Top of TASK DATA
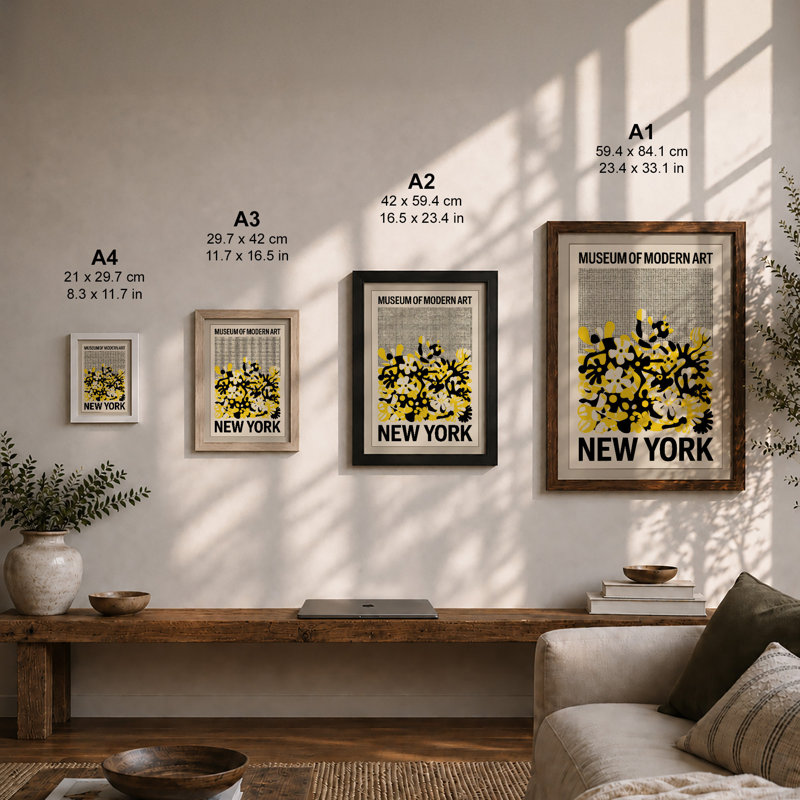 Museum Modern Art Retro - Framed Print, A1 - 84.1 x 59.4 cm, Walnut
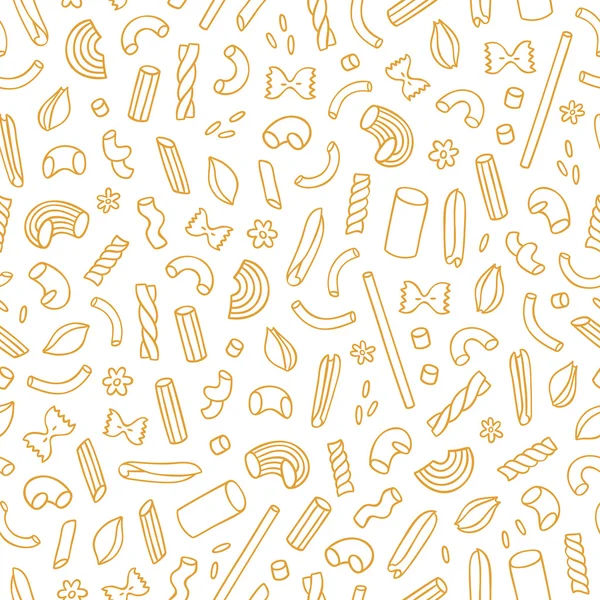 All types of outlined pasta seamless pattern — Stock Vector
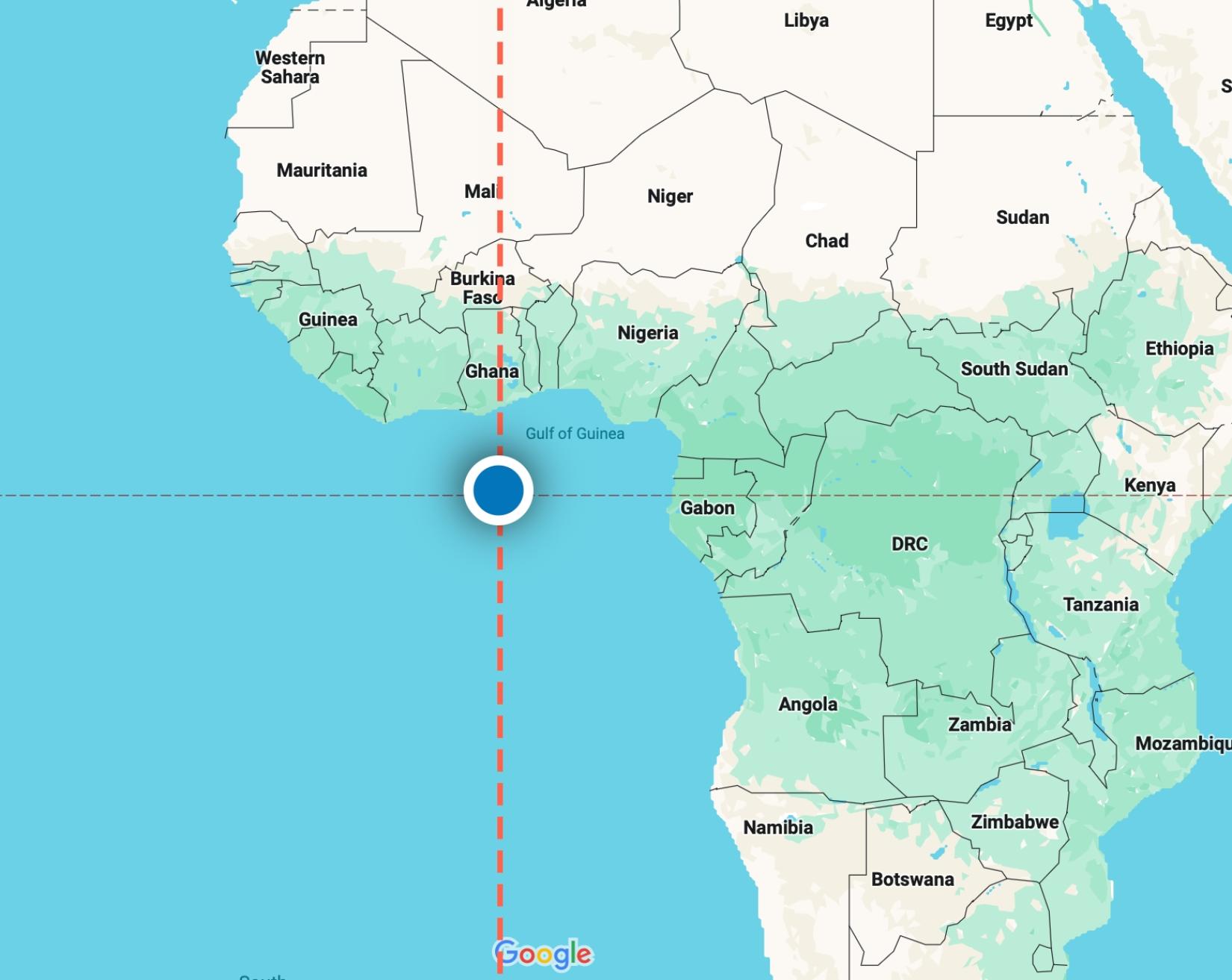 Null Island with Prime Meridian
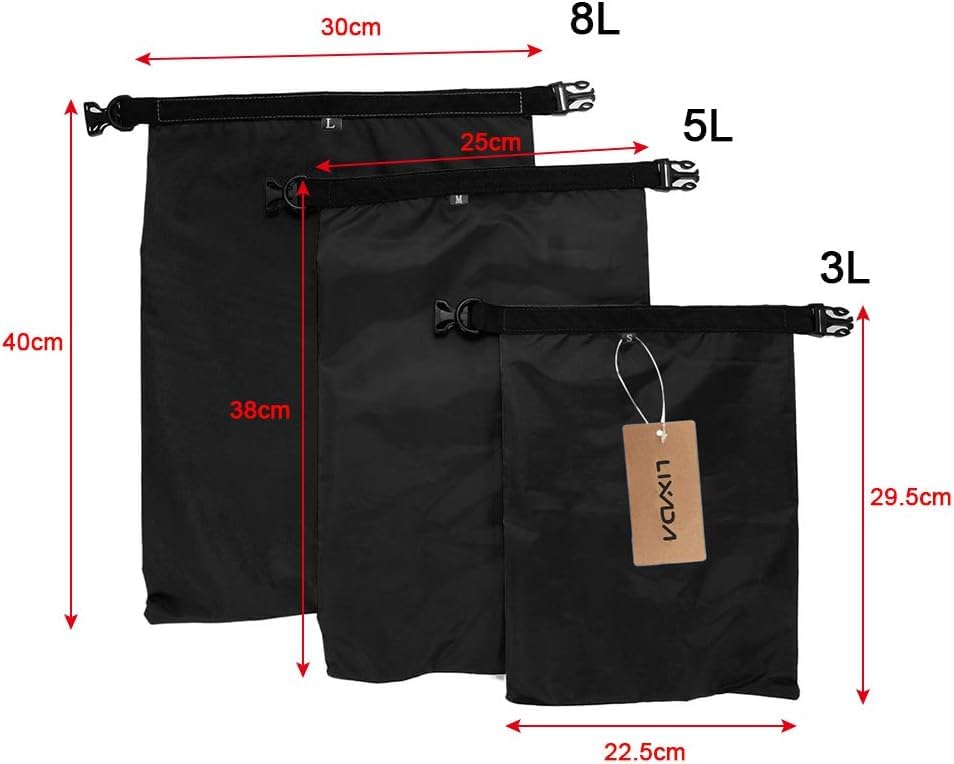 Lixada Bolsas Secas Impermeables, paquete de 3/5/6 con capacidad total 16 litros - Bolsas impermeables ligeras con cierre de enrollar para actividades al aire libre como kayak, camping, senderismo y deportes acuáticos miniatura 2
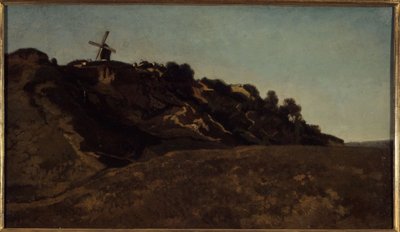 Pohled na Montmartre, kolem roku 1848 (obraz) od Eugene Antoine Samuel Lavieille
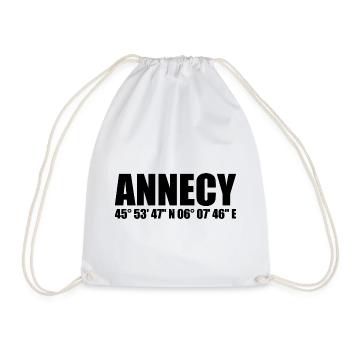 Coordonnées d’Annecy - Sac de sport léger - blanc - Devant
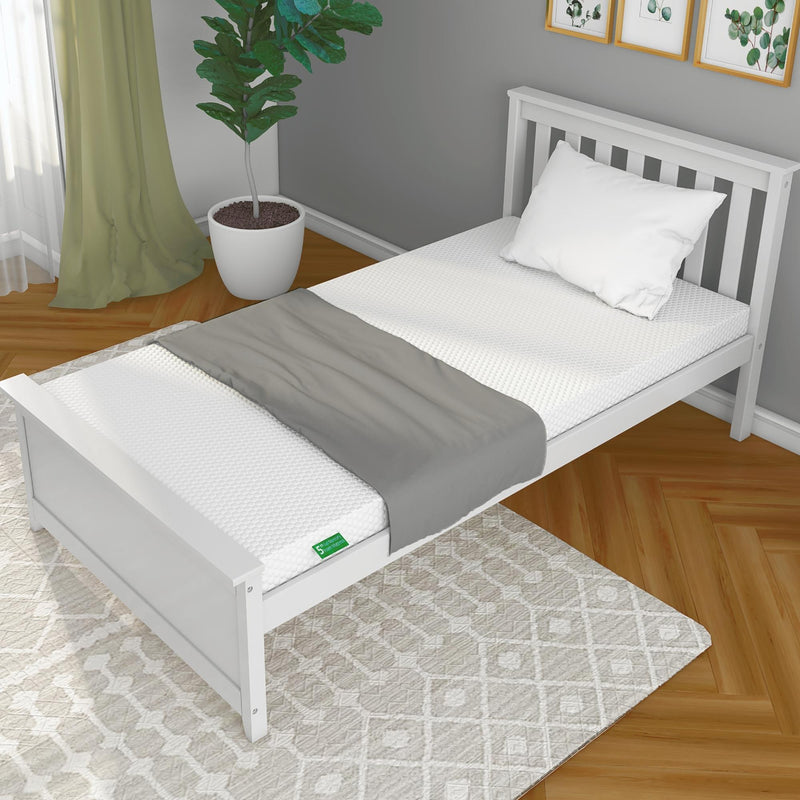 Single white bed with gray blanket and white pillow in a modern bedroom setting, placed on a patterned rug next to a green potted plant.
Bottom of TASK DATA
▶ [DESCRIPTION OF THE TASK] Exact copy, no pictures: reproduce every record as it stands.

▶ [SOLUTION TO THE EXERCISE]
 Museum Modern Art Retro - Framed Print, A1 - 84.1 x 59.4 cm, Walnut
 All types of outlined pasta seamless pattern — Stock Vector
 Null Island with Prime Meridian
 Lixada Bolsas Secas Impermeables, paquete de 3/5/6 con capacidad total 16 litros - Bolsas impermeables ligeras con cierre de enrollar para actividades al aire libre como kayak, camping, senderismo y deportes acuáticos miniatura 2
 Pohled na Montmartre, kolem roku 1848 (obraz) od Eugene Antoine Samuel Lavieille
 Coordonnées d’Annecy - Sac de sport léger - blanc - Devant
 Single white bed with gray blanket and white pillow in a modern bedroom setting, placed on a patterned rug next to a green potted plant.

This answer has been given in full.